Problem to work on: I'd like every entry returned exactly as it is, with the images left out.

Records provided:
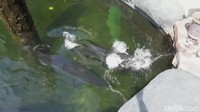 Ikan-ikan yang tergolong langka ini sudah dipelihara sejak 5 tahun lalu/Foto: Enggran Eko Budianto
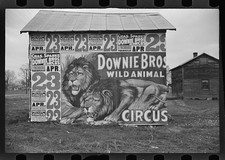 Lynchburg VA 1936 Downie Bros Circus Posters on Building Wild Animal Show picture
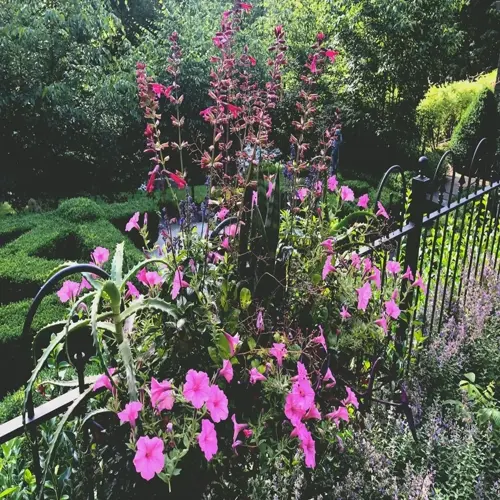 colorful annual flower garden with pink flowers and greenery along a fence
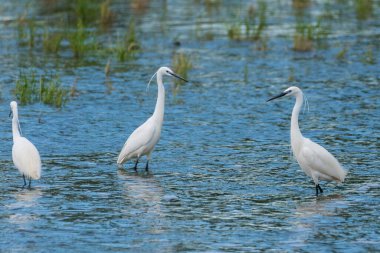 Egretta garzetta - Egreta mica - Küçük balıkçıl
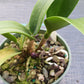 Orchid Fragrant Cattleya Brassavola Bc Beverly Matherne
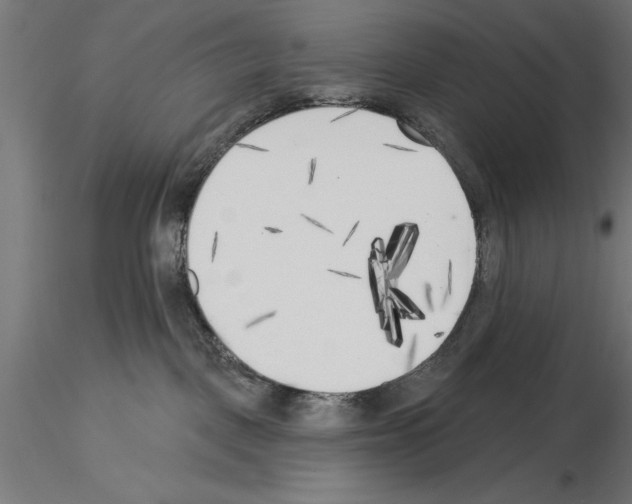 X0000115230093200912111041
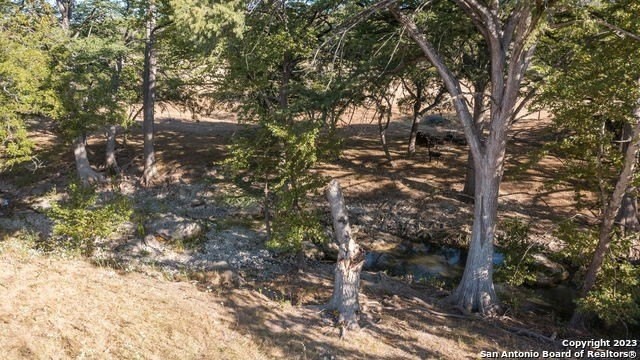 19. Lot 69 Sabinas Springs Rd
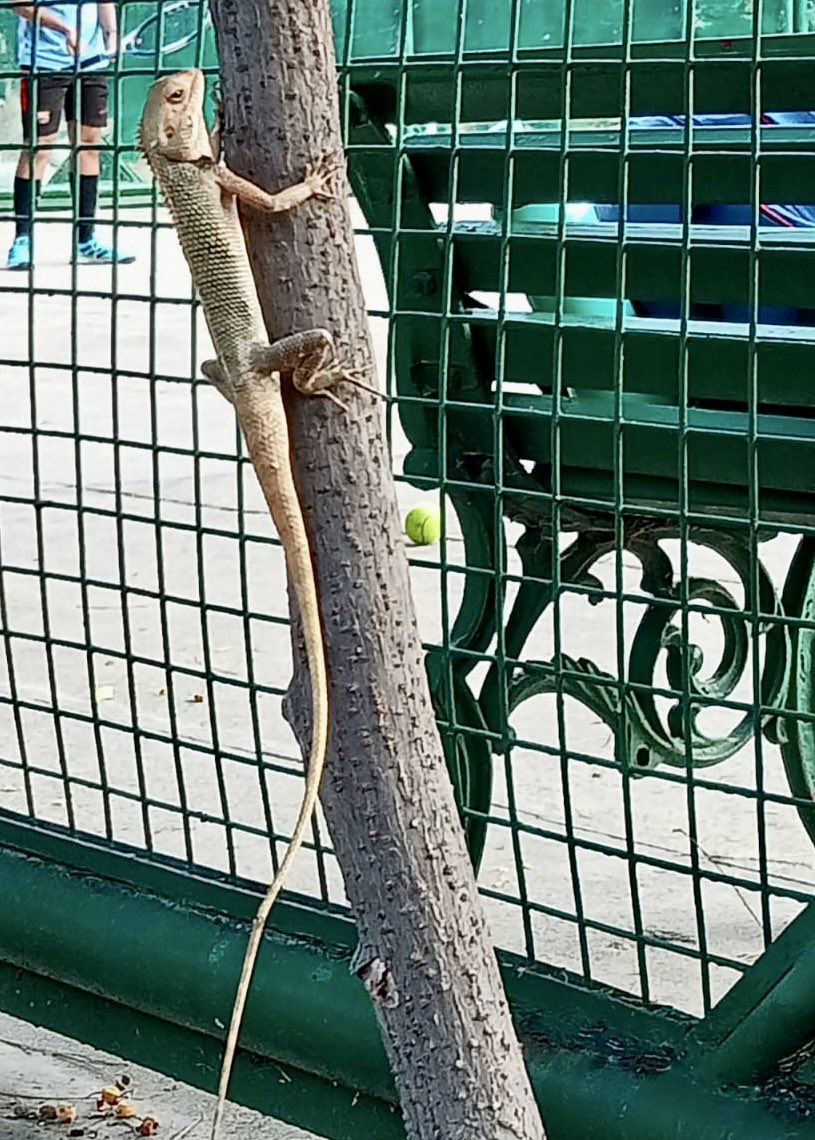 JacquilineS1975's tweet photo. Everyone wishes to have a ringside view of the tennis court, so does this garden lizard๐พ
#LoveAll these mobile shots taken by a dear friend at the sports clubโฆ..just for me๐ค
๐๐๐๐๐
#Wimbledon2022 #Nature #animalhumour #TwitterNatureCommunity #Wimbeldon https://t.co/1kBdHzJ1yj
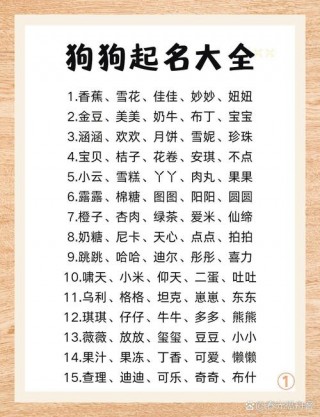 怎样让狗狗知道自己的名字，（怎样让狗狗知道自己的名字和性别）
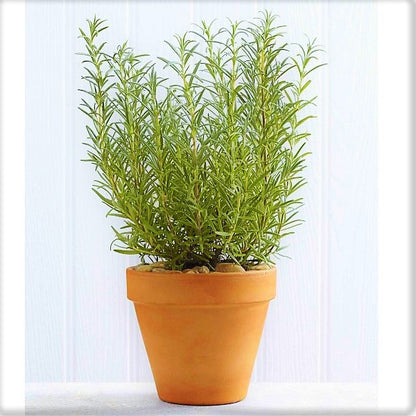 Rosmarinus Officialis, Rosemary Herb Outdoor - www.FOP.ae Buy online Best and Healthy Plants and quality products guarantee in Dubai Plants Shop in Dubai Abu Dhabi all over UAE Plants near me Fresh Plants in Dubai where to buy plants in UAE - FOP.ae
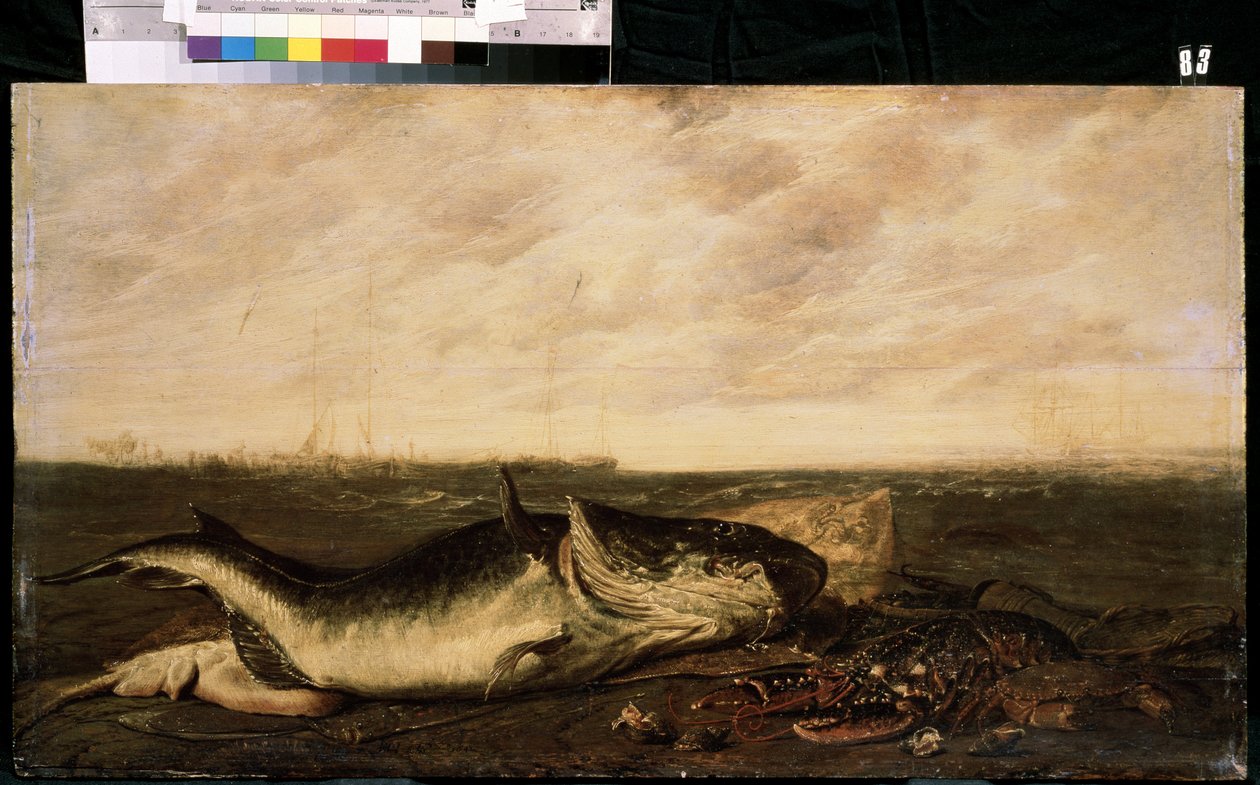 Fisk og hummer på stranden (Fisk og hummer på kysten). Maleri av Frans Ryckhals (etter 1600-1647). Olje på lerret, 47 x 83,5 cm av Frans Ryckhals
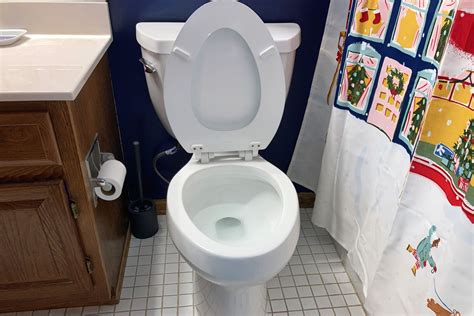 Image result for Best Push Button Toilets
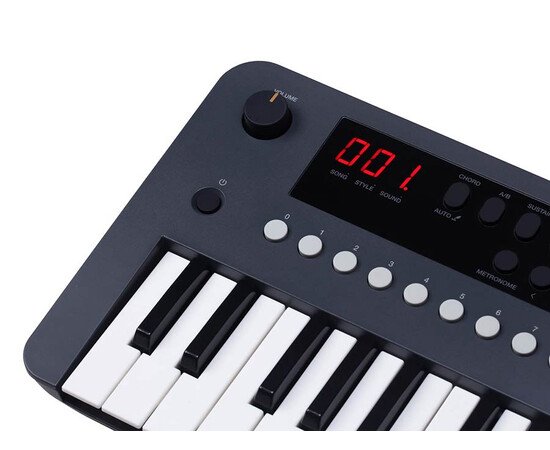 Синтезатор Medeli MK37, изображение 5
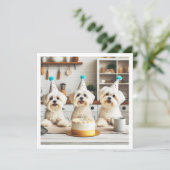 マルチーズ誕生祝い、マルチーズ犬 招待状 (スタンド正面)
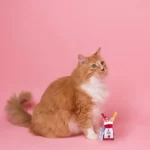 FOFOS Dreamland Tomacoes Cat Toy - Image 5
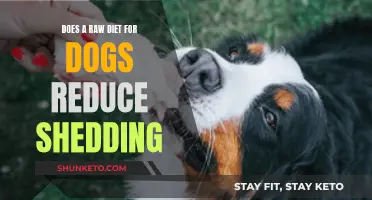 Raw Diet: Reducing Dog Shedding and Promoting Health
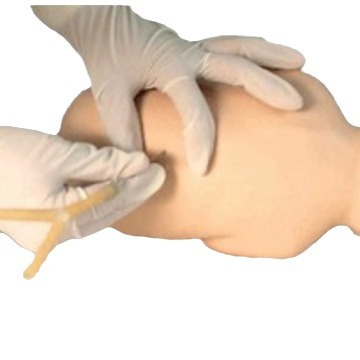 ������������ģ����������׵���̷���ģ�ͣ�Ӥ����׵����ѵ��ģ��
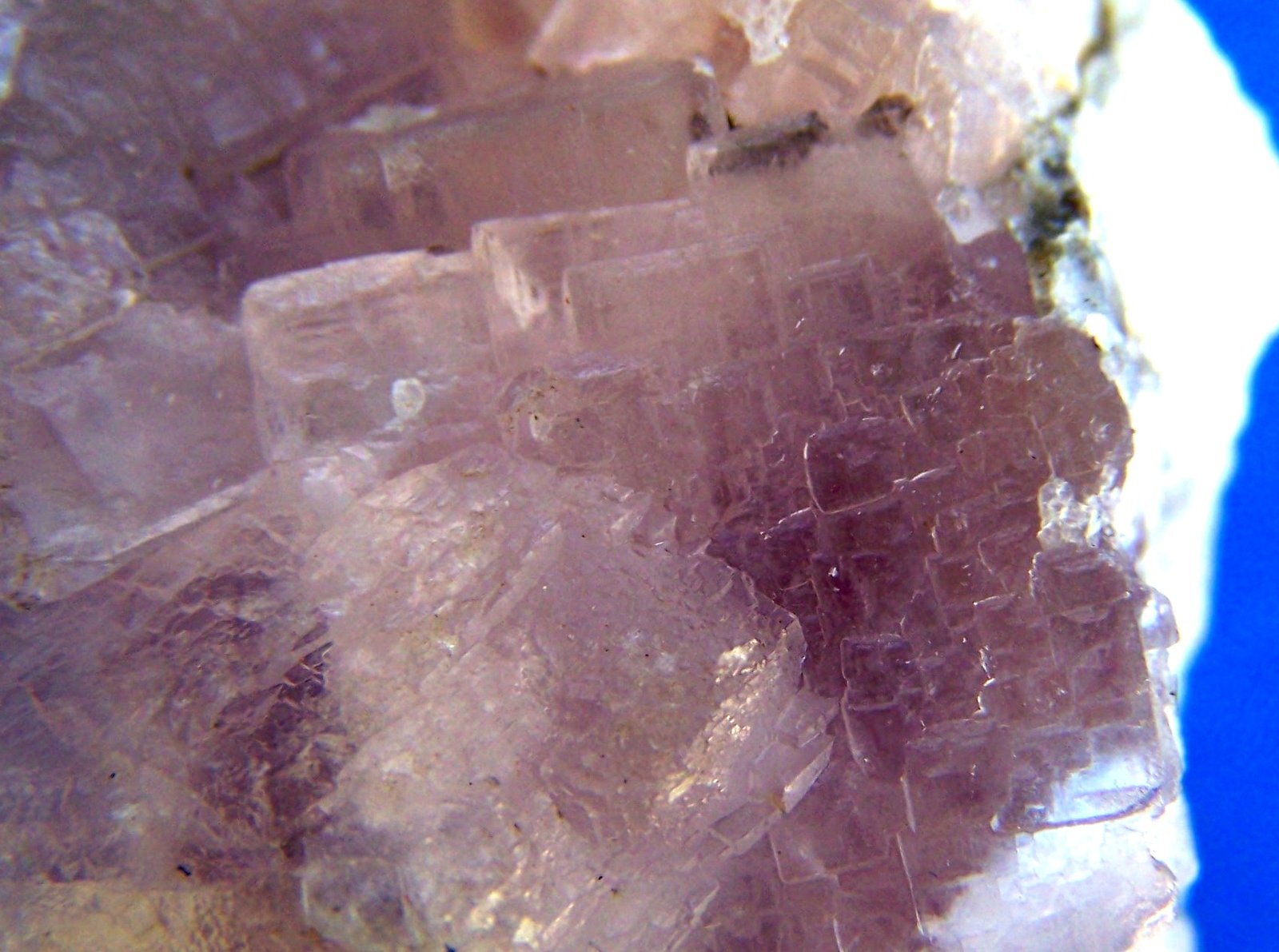 Fluorita
5 x 4 cm.
(Autor: canada)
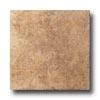 Cinca Forum 20 X 20 Nut Tile & Stone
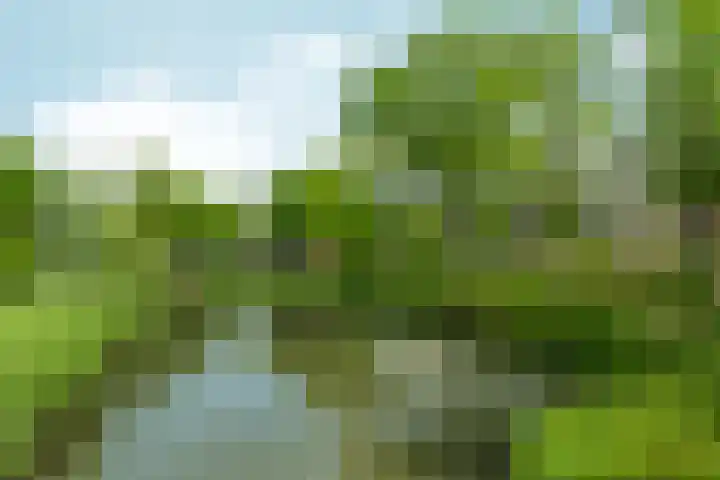 Wamelplein 81 Amsterdam thumbnail 26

Exercise result:
 Ikan-ikan yang tergolong langka ini sudah dipelihara sejak 5 tahun lalu/Foto: Enggran Eko Budianto
 Lynchburg VA 1936 Downie Bros Circus Posters on Building Wild Animal Show picture
 colorful annual flower garden with pink flowers and greenery along a fence
 Egretta garzetta - Egreta mica - Küçük balıkçıl
 Orchid Fragrant Cattleya Brassavola Bc Beverly Matherne
 X0000115230093200912111041
 19. Lot 69 Sabinas Springs Rd
 JacquilineS1975's tweet photo. Everyone wishes to have a ringside view of the tennis court, so does this garden lizard๐พ
#LoveAll these mobile shots taken by a dear friend at the sports clubโฆ..just for me๐ค
๐๐๐๐๐
#Wimbledon2022 #Nature #animalhumour #TwitterNatureCommunity #Wimbeldon https://t.co/1kBdHzJ1yj
 怎样让狗狗知道自己的名字，（怎样让狗狗知道自己的名字和性别）
 Rosmarinus Officialis, Rosemary Herb Outdoor - www.FOP.ae Buy online Best and Healthy Plants and quality products guarantee in Dubai Plants Shop in Dubai Abu Dhabi all over UAE Plants near me Fresh Plants in Dubai where to buy plants in UAE - FOP.ae
 Fisk og hummer på stranden (Fisk og hummer på kysten). Maleri av Frans Ryckhals (etter 1600-1647). Olje på lerret, 47 x 83,5 cm av Frans Ryckhals
 Image result for Best Push Button Toilets
 Синтезатор Medeli MK37, изображение 5
 マルチーズ誕生祝い、マルチーズ犬 招待状 (スタンド正面)
 FOFOS Dreamland Tomacoes Cat Toy - Image 5
 Raw Diet: Reducing Dog Shedding and Promoting Health
 ������������ģ����������׵���̷���ģ�ͣ�Ӥ����׵����ѵ��ģ��
 Fluorita
5 x 4 cm.
(Autor: canada)
 Cinca Forum 20 X 20 Nut Tile & Stone
 Wamelplein 81 Amsterdam thumbnail 26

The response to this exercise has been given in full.